Animals can signal danger or sexual desire or a few things like that, but they cannot get this articulated form of precise representation that we get in human languages. So the big jump off point is between animal signaling and human languages. Human languages have these remarkable capacities that they are compositional; that is, you can figure out the meaning of the utterance from the meanings of the parts and the way they're composed.

Human languages have also involved this remarkable ability of commitment; humans commit themselves to doing something when they make a promise. They commit themselves to something being the case when they make a statement. There's nothing like that in animal signaling. Now, that's the basics of language: compositionality, representation and commitment. Keep those three in mind. 

Written Language:

Dr. John Searle: But now when we move to written language, you get another big jump off because you can now do things with compositionality, representation and commitment that you can't do with spoken language.

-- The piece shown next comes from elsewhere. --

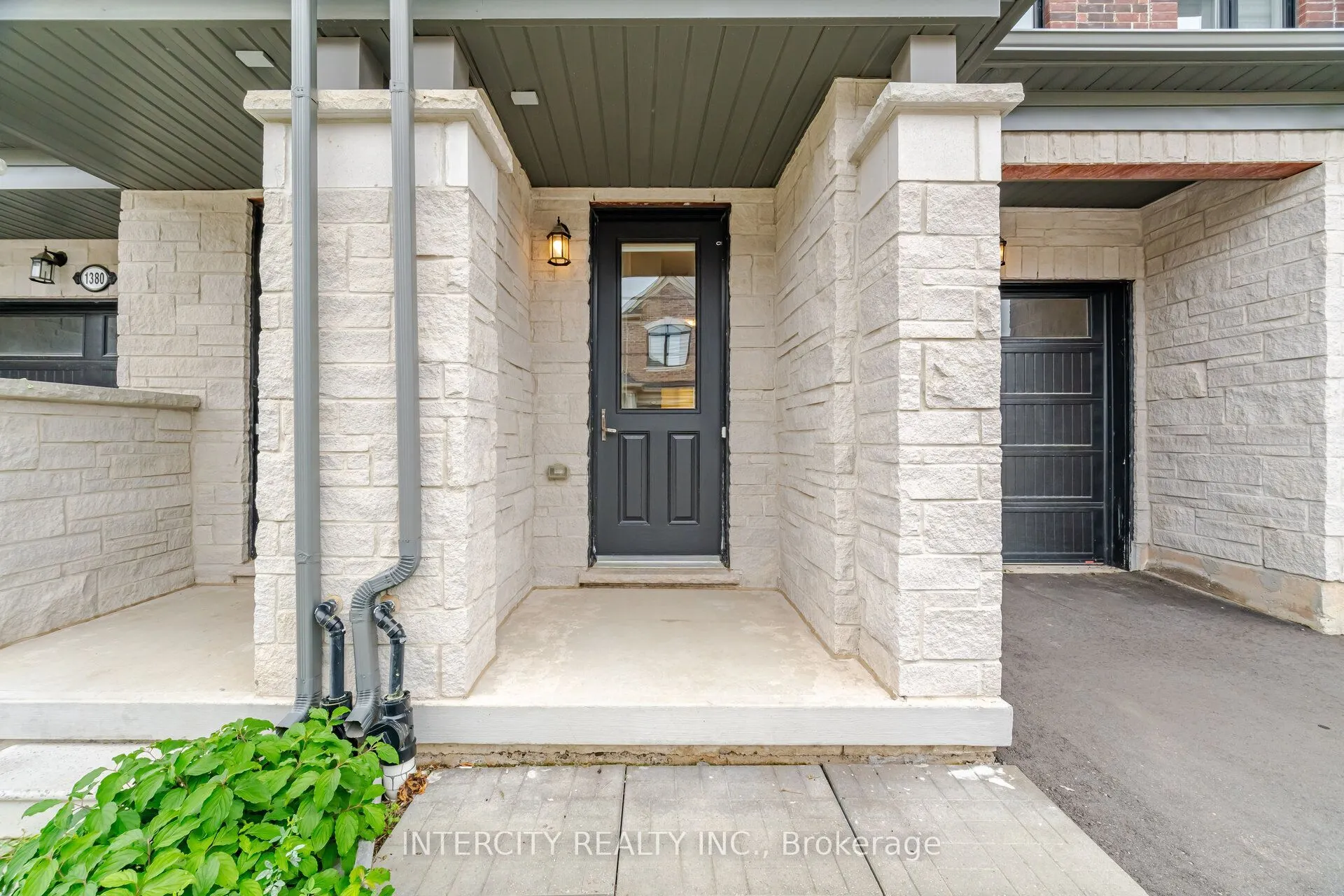 1378 National Common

You now start to create not just a more elaborate animal society, you start now to create civilization. So once you have written language, you can have long-term commitments, commitments that go over a generation. You can have commandments, like the Ten Commandments that go on for millennia.

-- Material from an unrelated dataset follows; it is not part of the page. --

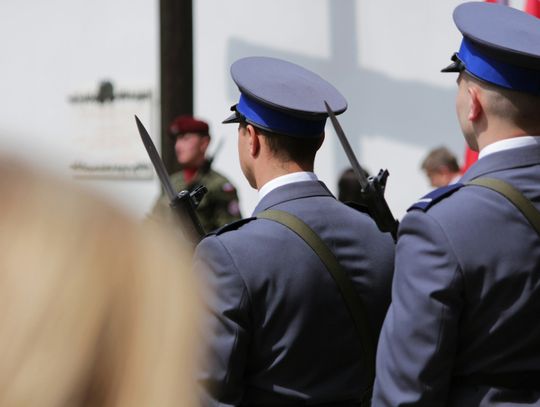 Retirement Ceremony for the Commander of the City Police in Elbląg a group of men in uniform standing next to each other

But furthermore -- and this is where it really gets exciting -- is you can now create the forms of civilization that are enduring. I'm thinking not just of great art and literature, but of money, property, government, marriage, universities, textbooks, all of the elaborate systems that language has that we can encode in written language that enable us to create an elaborate civilization that is based on our capacity to represent and to create enduring representations.

So, the bottom line of this is that the big step between us and animals is in the language. But the big step between civilization and more primitive forms of human society is written language. Once you have written language, you have the capacity not just for creating a civilization, but getting these accretions, where the elements of civilization then build on earlier elements of civilization, and those build on yet earlier elements of civilization, until you get where we are today.

The Enabling Technology of Civilization

David Boulton: So in a sense, writing is the enabling technology of civilization.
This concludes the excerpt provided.